(Short descriptive text snippets)
◇ ◇ ◇ ◇ ◇
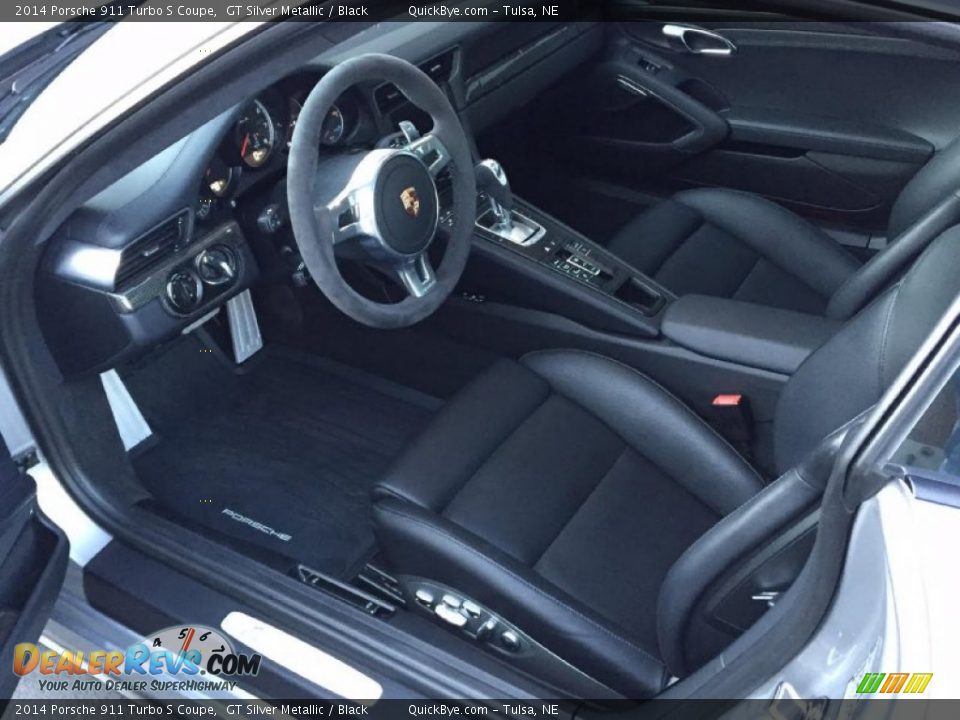 Black Interior - 2014 Porsche 911 Turbo S Coupe Photo #9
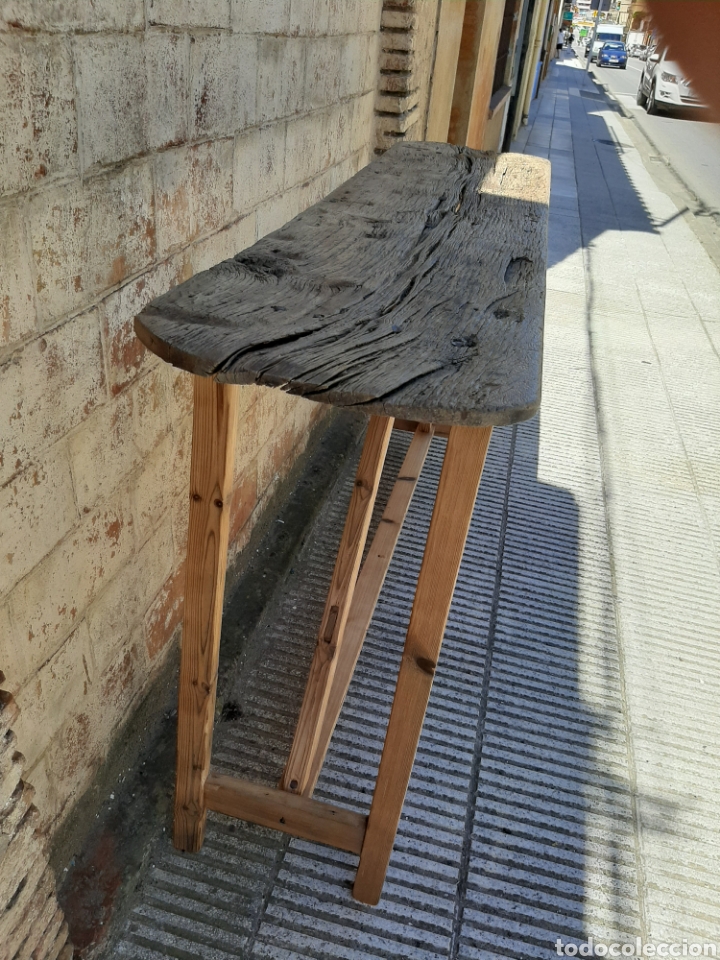 Antig&uuml;edades: Mesa / mesa isla / cons&oacute;la r&uacute;stica antigua - Foto 4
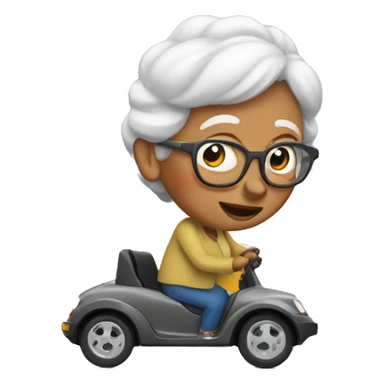 Grandma driving over speed bumps sticker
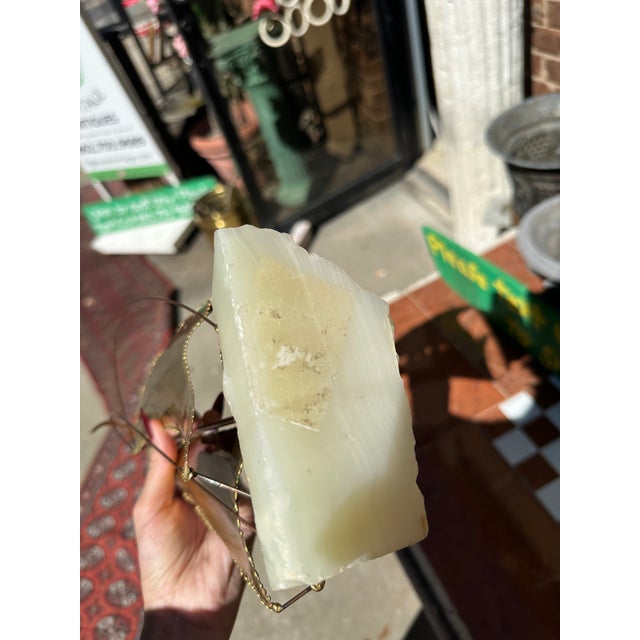 Brass Sailboat Sculpture on Marble Slab For Sale - Image 10 of 10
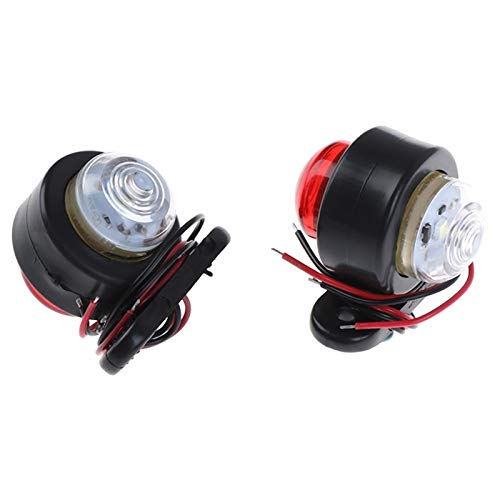 YUSHAOLI YSLI® 2pcs del Coche camión de Remolque de Marcador Lateral LED de luz Blanca de Red Turn Liquidación luz de señal de indicador de la lámpara for Camión Van caravanas 10-30V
◇ ◇ ◇ ◇ ◇
The records above must be printed exactly; the pictures stay out.

YOUR RESPONSE |
 Black Interior - 2014 Porsche 911 Turbo S Coupe Photo #9
 Antig&uuml;edades: Mesa / mesa isla / cons&oacute;la r&uacute;stica antigua - Foto 4
 Grandma driving over speed bumps sticker
 Brass Sailboat Sculpture on Marble Slab For Sale - Image 10 of 10
 YUSHAOLI YSLI® 2pcs del Coche camión de Remolque de Marcador Lateral LED de luz Blanca de Red Turn Liquidación luz de señal de indicador de la lámpara for Camión Van caravanas 10-30V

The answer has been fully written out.